Module module = cacheKey.getModule();
if (module == null) {
    // should not happen
    throw new InternalError(
                "Module for cache key: " + cacheKey + " has been GCed.");
}

But why the code marked as “should not happen” would not happen? Looking at the new getBundleImpl() method implementation, you may notice that calls of the Reference.reachabilityFence() method were added before the return statement:

private static ResourceBundle getBundleImpl(String baseName,
                                            Locale locale,
                                            Class<?> caller,
                                            ClassLoader loader,
                                            Control control) {
        ... 

        CacheKey cacheKey = new CacheKey(baseName, locale, module,
                                         callerModule);        
        ... 
        // keep callerModule and module reachable for as long
        // as we are operating with WeakReference(s) to them
        // (in CacheKey)...
        Reference.reachabilityFence(callerModule);
        Reference.reachabilityFence(module);

        return bundle;
}

These calls are needed solely to prolong the life of objects passed as parameters. The GC won’t collect those objects before  getBundleImpl() completes its job, and that solves the problem:

> /opt/jdk-9/bin/javac *.java
> /opt/jdk-9/bin/java -Xmx4096k Test
PASSED

However, there is one tricky detail still left. Let’s look at the definition of reachabilityFence():

@DontInline
public static void reachabilityFence(Object ref) {
    // Does nothing, because this method is annotated with @DontInline
    // HotSpot needs to retain the ref and not GC it before a call to
    // this method
}

A сall to an empty static method is just a sitting duck for any optimizing compiler, which  would definitely try to inline that call so as to make it disappear without a trace2. If the compiler inlined the calls of reachabilityFence(), those Module instances would have received death sentences right after the creation of weak references to them. But pay attention to the annotation: @DontInline is a proprietary HotSpot annotation telling its compilers to avoid inlining of particular methods. That’s why  reachabilityFence() works. HotSpot compilers love to inline empty static methods, but the annotation prevents them from doing that, making the fence work as expected.

Excelsior JET loves to inline empty static methods too, so we have to prevent inlining of reachabilityFence() as well.

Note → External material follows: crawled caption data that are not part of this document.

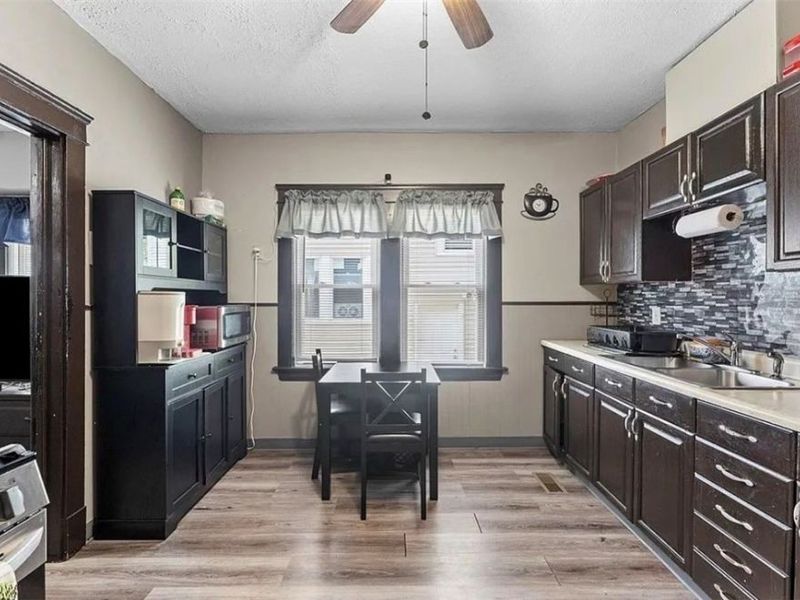 3340 W 98th Street , Cleveland, OH 44102 Photo 7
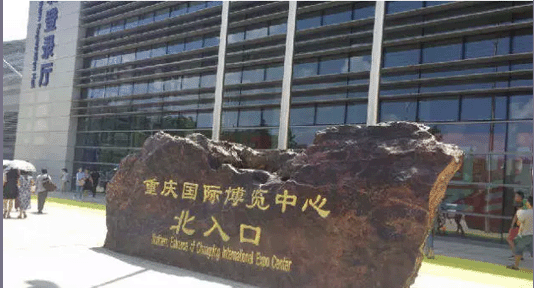 施華白蘭床墊亮相重慶家博會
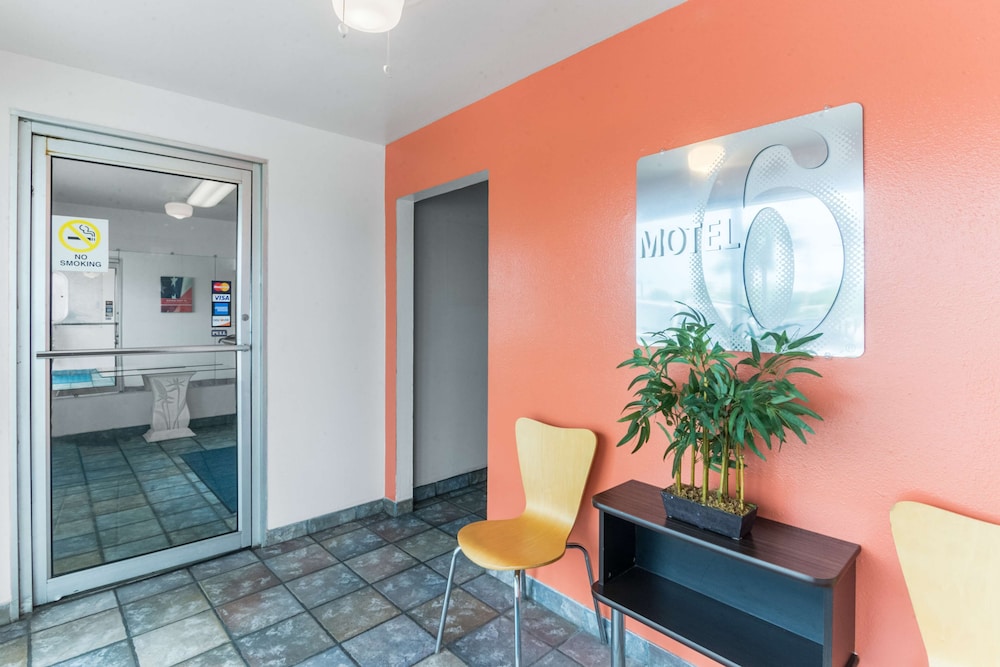Motel6 Pensacola, FL - West 13/23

We could use our own internal mechanisms to achieve that, or teach our compilers to recognize that HotSpot-specific @DontInline  annotation. The choice is not obvious, though. We’ll make the final decision during the course of working on Java 9 support.

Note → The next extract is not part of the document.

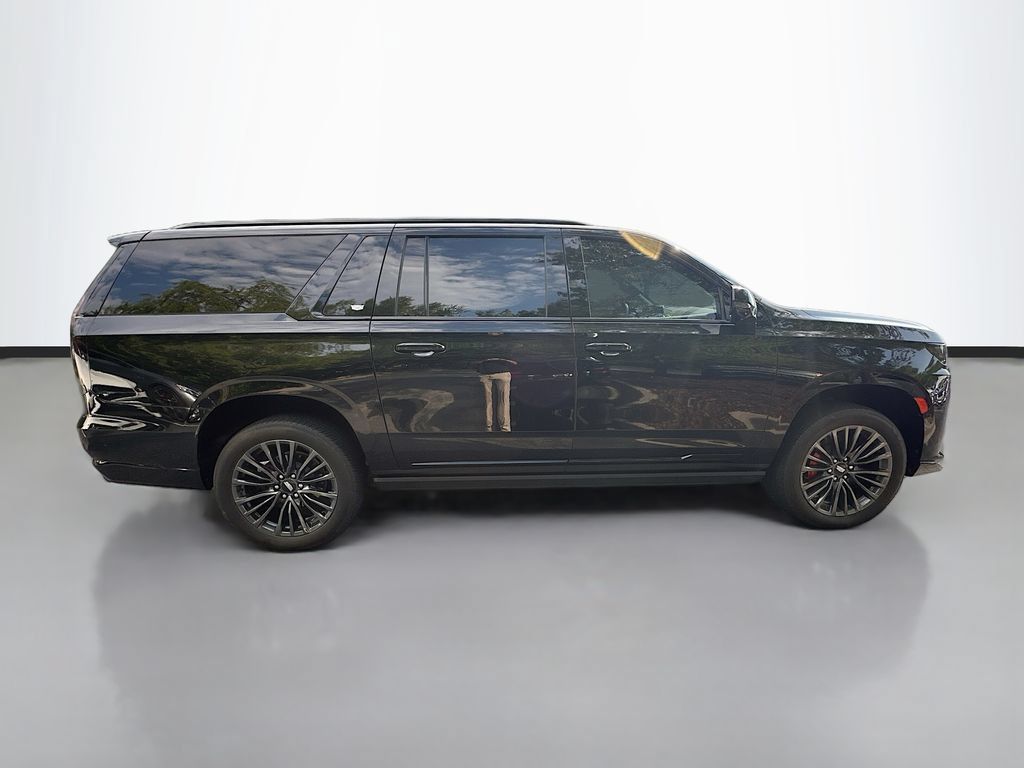 Used 2024 Cadillac Escalade ESV V w/ Heavy-Duty Trailer Package AWD/4WD image 4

That’s all for today! Be careful when using weak references and always check whether their referents are not null, because they can be already dead for a long time.

Your comments are very welcome here, on Reddit, and on Hacker News.

Source Code Links

  1. ResourceBundle.java in OpenJDK 8
  2. Fixed ResourceBundle.java in OpenJDK 9
  3. Example that reproduces the problem (GitHub)

Footnotes

  1. See e.g. What the JIT!? Anatomy of the OpenJDK HotSpot VM by Monica Beckwith for details.
  2. Except maybe for the initialization of the respective class.